The 135th Assault Helicopter Company “lost a lot of people, but we never forgot them,” said Fred Dunaway, who commanded the unit.
One of them — Terry Mezera — is being remembered Tuesday by a fellow crew member and that man’s country.
Killed on Jan. 16, 1971, Mezera posthumously will receive the Unit Citation for Gallantry awarded by the Australian government’s governor-general.
Jim Shaw, a member of the Royal Australian Navy Helicopter Flight Vietnam unit, will present the ribbon to Mezera’s family, including his parents Frank and Betty, at 1 p.m. Tuesday at VFW Post 305.
“Terry was very proud of what he did, and we were very proud of him,” said World War II Navy veteran Frank from the home he shares with Betty on Eau Claire’s north side.
Terry Mezera, a 1967 North High School graduate, arrived in Vietnam in March 1970 and officially began his tour of duty on April 2, 1970, serving with the 135th AHC.
Organized at Fort Hood, Texas, in February 1967, the 135th deployed to Vietnam that October, according to its website. RAN Helicopter Flight Vietnam was assigned to the company, and the unit became known as the Experimental Military Unit, or EMU, for short.
On Jan. 16, 1971, Mezera was piloting a U.S. Army helicopter flying in support of the 5th Special Forces when the aircraft was shot down in Cambodia.
The crew included American and Australian service members, including Shaw, but the 21-year-old Mezera was the only casualty.
Over the years, Shaw, Geoff Jones, who also was on the helicopter, and other members of the 135th kept in touch with Mezera’s family, including his youngest sister, Pam Nesbit of Fall Creek.
In a June 1, 2018 post, the HueyVets — EMU Facebook page announced the 135th AHC was to receive the Unit Citation for Gallantry.
“It’s pretty awesome if you ask me,” said Dunaway, who lives in Biloxi, Miss. His wife alerted Nesbit.
“They went through a lot,” Nesbit said of the members of the 135th. “When they tell the stories, you can see the pain on their faces, you can tell how the war affected them.”

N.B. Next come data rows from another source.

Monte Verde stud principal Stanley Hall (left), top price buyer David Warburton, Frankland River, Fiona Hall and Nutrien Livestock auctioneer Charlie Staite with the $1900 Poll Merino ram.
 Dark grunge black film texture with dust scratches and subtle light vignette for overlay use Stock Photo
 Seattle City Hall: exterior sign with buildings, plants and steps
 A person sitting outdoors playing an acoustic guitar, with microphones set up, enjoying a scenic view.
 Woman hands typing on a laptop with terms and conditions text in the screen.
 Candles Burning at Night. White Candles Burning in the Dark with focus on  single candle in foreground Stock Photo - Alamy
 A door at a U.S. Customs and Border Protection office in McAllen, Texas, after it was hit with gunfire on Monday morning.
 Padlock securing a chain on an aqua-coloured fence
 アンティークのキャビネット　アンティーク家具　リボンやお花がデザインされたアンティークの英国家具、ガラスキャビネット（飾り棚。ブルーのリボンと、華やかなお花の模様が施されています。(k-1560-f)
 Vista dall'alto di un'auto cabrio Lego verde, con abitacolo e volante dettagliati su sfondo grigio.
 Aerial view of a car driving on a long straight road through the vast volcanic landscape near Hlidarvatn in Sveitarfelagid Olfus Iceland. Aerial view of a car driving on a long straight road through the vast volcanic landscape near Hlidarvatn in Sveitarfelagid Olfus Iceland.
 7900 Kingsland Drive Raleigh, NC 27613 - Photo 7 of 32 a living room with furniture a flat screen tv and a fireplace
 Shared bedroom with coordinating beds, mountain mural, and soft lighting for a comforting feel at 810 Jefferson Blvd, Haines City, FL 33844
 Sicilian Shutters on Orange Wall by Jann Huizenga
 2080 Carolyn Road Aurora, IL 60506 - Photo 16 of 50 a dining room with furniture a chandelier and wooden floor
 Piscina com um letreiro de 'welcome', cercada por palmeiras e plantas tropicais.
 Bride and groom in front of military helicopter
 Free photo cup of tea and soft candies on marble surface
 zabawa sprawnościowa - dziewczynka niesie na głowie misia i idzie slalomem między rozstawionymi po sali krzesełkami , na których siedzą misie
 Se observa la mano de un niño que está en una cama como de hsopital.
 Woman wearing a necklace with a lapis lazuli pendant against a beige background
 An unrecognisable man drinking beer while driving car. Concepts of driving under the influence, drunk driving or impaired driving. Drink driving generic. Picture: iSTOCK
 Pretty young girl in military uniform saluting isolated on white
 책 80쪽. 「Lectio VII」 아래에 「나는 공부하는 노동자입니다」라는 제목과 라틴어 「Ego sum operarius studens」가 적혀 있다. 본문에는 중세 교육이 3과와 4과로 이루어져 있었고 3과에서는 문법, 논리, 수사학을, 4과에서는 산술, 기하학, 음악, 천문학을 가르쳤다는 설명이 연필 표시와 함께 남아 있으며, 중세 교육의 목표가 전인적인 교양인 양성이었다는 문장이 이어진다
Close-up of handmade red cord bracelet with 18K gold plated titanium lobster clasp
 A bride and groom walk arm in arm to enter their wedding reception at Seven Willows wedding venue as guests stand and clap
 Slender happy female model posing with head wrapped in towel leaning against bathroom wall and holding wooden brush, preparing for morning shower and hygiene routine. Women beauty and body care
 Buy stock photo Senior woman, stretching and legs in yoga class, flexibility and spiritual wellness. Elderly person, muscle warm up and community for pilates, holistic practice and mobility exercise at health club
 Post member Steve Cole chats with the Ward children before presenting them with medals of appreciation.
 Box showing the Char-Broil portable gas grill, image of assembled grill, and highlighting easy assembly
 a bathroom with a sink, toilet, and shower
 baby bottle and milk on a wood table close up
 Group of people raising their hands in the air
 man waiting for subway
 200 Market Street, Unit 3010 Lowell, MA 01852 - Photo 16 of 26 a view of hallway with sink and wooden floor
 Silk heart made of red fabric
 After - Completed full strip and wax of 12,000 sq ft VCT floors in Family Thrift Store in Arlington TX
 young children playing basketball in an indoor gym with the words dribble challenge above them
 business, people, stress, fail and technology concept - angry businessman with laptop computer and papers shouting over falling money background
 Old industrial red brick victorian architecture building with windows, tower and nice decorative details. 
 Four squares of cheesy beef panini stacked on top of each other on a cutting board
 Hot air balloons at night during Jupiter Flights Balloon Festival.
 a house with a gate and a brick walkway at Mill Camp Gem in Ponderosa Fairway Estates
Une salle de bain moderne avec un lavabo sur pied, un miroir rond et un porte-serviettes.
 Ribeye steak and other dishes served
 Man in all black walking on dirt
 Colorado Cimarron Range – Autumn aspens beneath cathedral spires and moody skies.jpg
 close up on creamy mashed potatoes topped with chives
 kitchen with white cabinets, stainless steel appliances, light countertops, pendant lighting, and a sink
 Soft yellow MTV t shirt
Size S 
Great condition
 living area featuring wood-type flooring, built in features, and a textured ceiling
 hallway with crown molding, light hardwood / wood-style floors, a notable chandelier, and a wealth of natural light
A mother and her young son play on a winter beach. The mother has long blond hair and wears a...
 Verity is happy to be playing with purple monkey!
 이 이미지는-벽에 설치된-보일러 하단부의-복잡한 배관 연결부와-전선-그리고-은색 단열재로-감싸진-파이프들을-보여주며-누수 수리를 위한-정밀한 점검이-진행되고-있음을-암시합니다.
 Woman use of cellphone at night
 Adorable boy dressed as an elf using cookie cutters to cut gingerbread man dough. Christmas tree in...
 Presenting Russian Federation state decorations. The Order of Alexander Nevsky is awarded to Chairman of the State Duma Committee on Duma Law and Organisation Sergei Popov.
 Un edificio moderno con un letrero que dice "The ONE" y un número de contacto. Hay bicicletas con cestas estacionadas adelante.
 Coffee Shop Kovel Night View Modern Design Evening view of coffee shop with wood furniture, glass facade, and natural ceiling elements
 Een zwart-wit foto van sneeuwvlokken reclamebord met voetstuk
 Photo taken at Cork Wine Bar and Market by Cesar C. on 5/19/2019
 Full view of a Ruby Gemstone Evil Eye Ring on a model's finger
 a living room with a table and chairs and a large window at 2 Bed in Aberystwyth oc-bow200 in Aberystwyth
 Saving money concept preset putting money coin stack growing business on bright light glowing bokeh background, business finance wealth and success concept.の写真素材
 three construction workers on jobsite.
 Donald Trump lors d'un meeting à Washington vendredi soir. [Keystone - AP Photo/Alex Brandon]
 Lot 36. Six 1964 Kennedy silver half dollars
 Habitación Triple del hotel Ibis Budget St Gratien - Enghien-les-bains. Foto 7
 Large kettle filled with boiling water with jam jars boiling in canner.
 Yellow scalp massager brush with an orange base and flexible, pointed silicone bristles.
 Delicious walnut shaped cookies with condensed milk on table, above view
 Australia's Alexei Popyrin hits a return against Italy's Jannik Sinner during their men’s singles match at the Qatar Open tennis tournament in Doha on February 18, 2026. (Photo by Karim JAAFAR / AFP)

She was 13 when her 21-year-old brother was killed. Their brother, Mark, also served in the U.S. Air Force during the Vietnam era.
“It makes me feel proud they are recognizing them, including my brother,” said Nesbit of Terry.
Jones was the crew chief on the helicopter that Mezera was piloting that day more than 47 years ago.
“He was a lot fun,” Jones said, recalling how the pair would wrestle together. “It was hard to lose him.”
While Jones survived the helicopter crash, he was shot. Speaking from his home in Petaluma, Calif., he said he recently got his ribbon from the Australians.
“Terry did a good job,” Jones said. “I’m glad he is getting the recognition he deserves.”
So is his mother.
“He wanted to serve, and he wanted to be a pilot,” she said of her oldest son, whose photo is on display in her living room. (Nesbit has her brother’s medals on display in a shadow box in her home.) “He was hooked from day 1.”
Even though her son loved being a pilot and he made the men who flew with him feel safe, Betty prayed he would return to Eau Claire. However, when a priest appeared at their door, she knew her worst fears had been realized.
“I guess when your time is up, it’s up,” she said. “But, you expect your kids to live longer than you do.”